The goal of the final project is to give you practice conducting (digital) humanities research and developing and managing a project from start to finish. You will be challenged to think critically about your research question, the data you use, how you analyze and present what you learn, and the decisions you make along the way. You will also reflect on your own research process and explain it to your peers, which can guide you when you conduct research and/or manage projects in the future. This experience will help you understand and evaluate research in the world of digital humanities and beyond. 


You will conceive of and create your own digital humanities project.. You may work individually or in groups as you prefer. The project can be on any topic that you choose, as long as it is driven by a research question, and the final deliverable can be an essay or a website. If it is a website, it can take on many forms (such as a digital archive or exhibit, a multimedia essay, or an interactive visualization). Regardless of format, the final project must:

  • be guided by a research question,
  • clearly articulate the methodology used in researching and preparing the project,
  • and, use argumentation and analysis to make an argument.


In developing the project, there will be several milestones along the way. We will begin to brainstorm topics and develop research questions in late September, and there will be a project proposal due in mid-November. You will be required to check in with the instructors around Thanksgiving, and in the final class period of the semester, you will do a trial run of the final project presentation. During finals week, you will give a project presentation and turn in the final deliverable and self-reflection essay.

  • Sept 25 – Brainstorm (developing a research Q)
  • Nov 16 – Proposal
  • Between Nov 16- Dec 3 – Check in meeting
  • Dec 11 – Draft Presentation
  • Dec 16 – Presentation
  • Dec 18 (5pm) – Final Project 

Brainstorm (Due Sept 25)

Brainstorm ideas for the final project and start thinking about what research questions are behind your interest in these ideas. May include up to two ideas, with at least 4-5 sentences explaining the idea and the research interest behind it. You may change your mind as you progress through the semester, but keep in mind that the earlier you begin working on your project, the easier it will be.

This assignment is not given a letter or numerical grade, but if you do not turn it in you will lose points on your final project grade.

Proposal (Due Nov 16)

Write a 2 page (single spaced) description of:

  • the research question posed by your project, including how you selected it
    • How you came to explore this topic (if you chose this topic because it is a hobby that you are passionate about, say so, for example)
    • Were you influenced by other DH projects or methods we explored in class?
    • How your research question has evolved over time
    • What your goals are for the project
  • ideas for where data to analyze will come from 
  • proposed methods for analysis 
  • proposed final deliverable (website or essay; if website, what type [digital archive, interactive map, etc) 

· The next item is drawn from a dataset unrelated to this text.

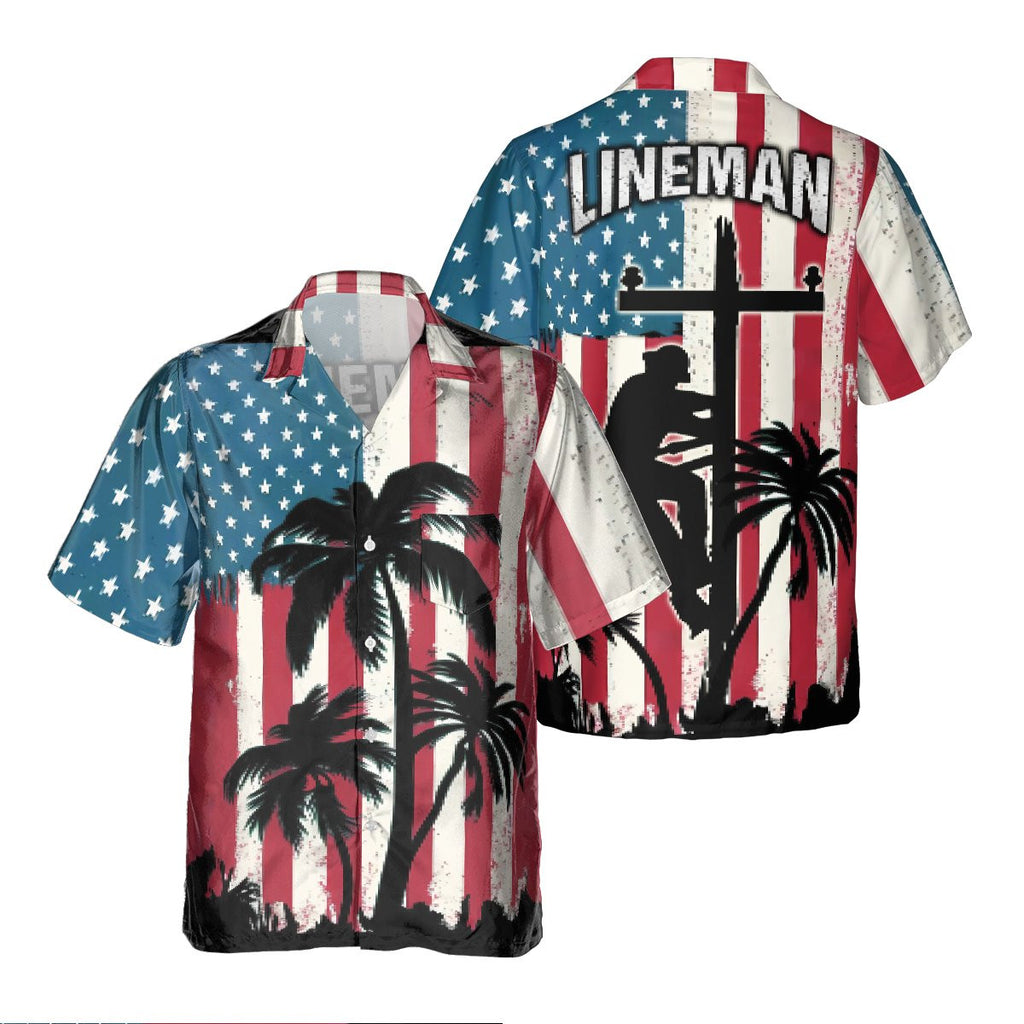 Awesome Lineman- AOP Pocket Hawaiian Shirt - grunx260804-0330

At least 3 credible sources (scholarly, or at the approval of an instructor) must be cited to show that background research has been done to frame the project. Each source must include 1-2 sentences explaining how it relates to the project.

Check in meeting (Nov 16 – Dec 3)

Sign up for a timeslot in Mattermost to meet with the instructors. We will discuss the progress you’ve made on your project, brainstorm ideas and strategies for troubleshooting, provide feedback, and assist with any challenges you are facing.

This assignment is not given a letter or numerical grade, but if you do not meet with the instructors, you will lose points on your final project grade.

Draft Presentation (Dec 11)

In a 6 minute presentation, share your final project with the class as if you were giving the final presentation, with the project as complete as possible at this time. The presentation should share the final deliverable, what it is meant to accomplish, and discuss challenges or problem areas where the group or individual could benefit from the collective assistance of the class. For more information on what you should cover, see the Presentation description below. You should have a draft of your slides for this presentation. This presentation is to allow for feedback and advice from the rest of the class and the instructors. 

Presentation (Dec 16)

You will have 6 minutes to share your final project, excluding time for questions. Begin by sharing the research question and motivation behind the project. Then, show your final product briefly and share conclusions and findings that can be drawn from the project. Finally, discuss the methodology and process that led you to the final product.

Address the following elements of your final project:

  • Research question
    • What is your research question?
    • What led you to pursue that question? Why does it interest you?
    • How did it develop over the course of the semester?
  • Methodology
    • What decisions did you make and why?
  • Argument and Findings
    • What does your project demonstrate or argue? How does it make that argument?
    • What evidence did you use?
    • What should users/viewers/readers learn from your project?
  • Final product(s)
    • This may include a demo of a visualization, an excerpt from a video, or a short tour of your website. 
    • As in previous presentations, make sure that you take screenshots or otherwise embed this portion into your slides so that you do not lose time because of connectivity or login issues. 

Fitting all of this into 6 minutes is a challenge. Practicing your presentation at least once before the presentation day is strongly advised.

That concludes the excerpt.